Im männlichen Bereich gab es ebenfalls viel Positives zu verzeichnen.
Richtig auch hier haben wir erfreulicherweise einige Medaillen gewinnen können. Unser Athletensprecher Simon Brandhuber (siehe Foto im Reißen und zur Siegerehrung) hat hier ein dickes Ausrufezeichen gesetzt und seine Bestleistungen deutlich verbessert. Dies wurde mit dem Vize-Europameistertitel (bei gleicher Leistung wie der EM-Champion) im Olympischen Zweikampf und zwei weitere Medaillen belohnt. Aber auch Jon Luke Mau erkämpfte sich in der gleichen Gewichtsklasse im Stoßen eine weitere Silbermedaille, die für uns sehr erfreulich ist. Dieser interne Zweikampf wird uns im Laufe der weiteren Olympiavorbereitung sicher noch viele Freude und weitere Leistungssteigerungen bereiten.
 

Wie beurteilen Sie die Ergebnisse der anderen EM-Teilnehmer?
Etwas differenzierter.
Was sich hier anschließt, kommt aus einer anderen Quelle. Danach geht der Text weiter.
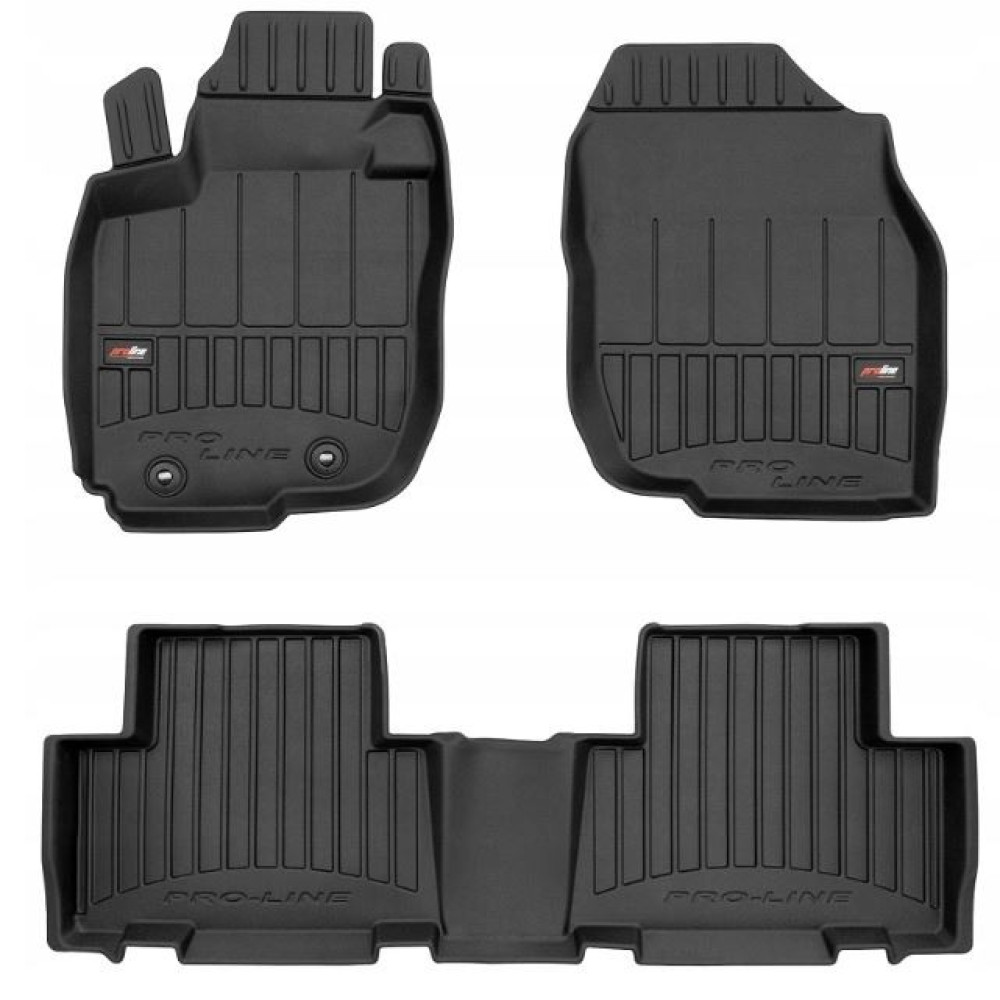 CAR RUBBER FLOOR MATS BLACK TOYOTA RAV4 (2006-2012) 3D FROGUM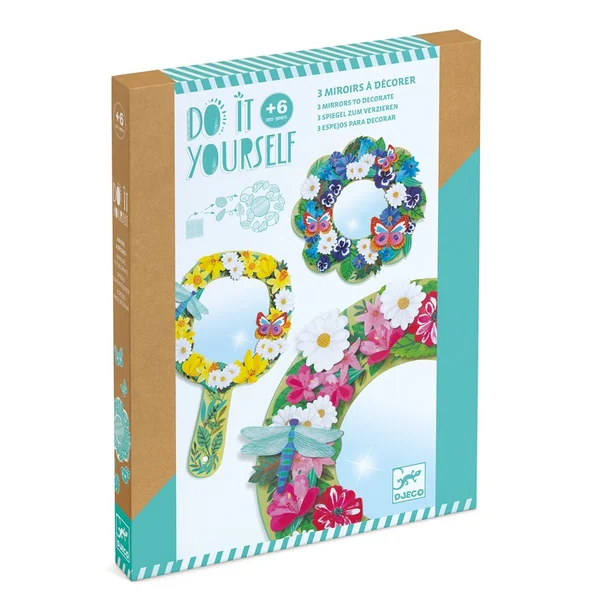 3 miroirs à décorer Douceur florale - Do it Yourself Djeco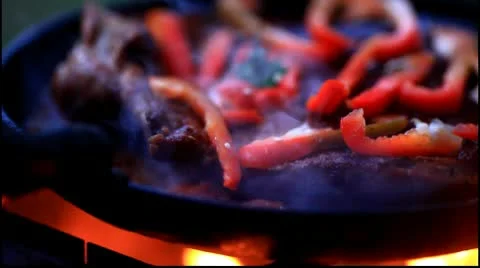 Fried meat Stock Footage 9800070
Unser EM - Debütant Raphael Friedrich, der letztes Jahr noch bei der Juniorenweltmeisterschaften eine Medaille gewann, glänzte hier mit persönlichen Bestleistungen und einem sehr couragierten Auftritt. Der Routinier Max Lang dagegen konnte nun leider zum wiederholten Male auf internationaler Bühne sein Leistungsvermögen, insbesondere im Olympischen Zweikampf bei Großereignissen nicht unter Beweis stellen. Matthäus Hofmann der in der 102er Olympischen Gewichtsklasse an den Start gehen sollte, verletzte sich im Abschlusstraining, musste die EM vorsorglich früher verlassen und wird in der kommenden Woche durch Prof. Schmitt in der Atosklinik operiert.
 
Wie beurteilen Sie das Gesamtniveau dieser ersten nacholympischen Meisterschaft?
Das sportliche Gesamtniveau hat keine wirklichen Überraschungen gebracht. Es war durch die Einordnung der Athlet:innen in die neuen reduzierten Olympischen Gewichtsklassen geprägt und hat sich auf dem bisherigen vermeintlich „Dopingfreieren“ Niveau gezeigt. Kritisch sehe ich die Rolle in unserem internationalen Kampfrichterwesen. Hier wurde zum wiederholten Male eine viel zu kleinliche Regelauslegung, ob ein Versuch gültig ist oder nicht praktiziert, sodass sogar wir als Experten, geschweige denn der Zuschauer einige Entscheidungen gar nicht mehr nachvollziehen können. Diese Entwicklung schadet meiner Ansicht nach unserer Sportart und würdigt in keinster Art und Weise die Bemühungen unserer Athlet:innen.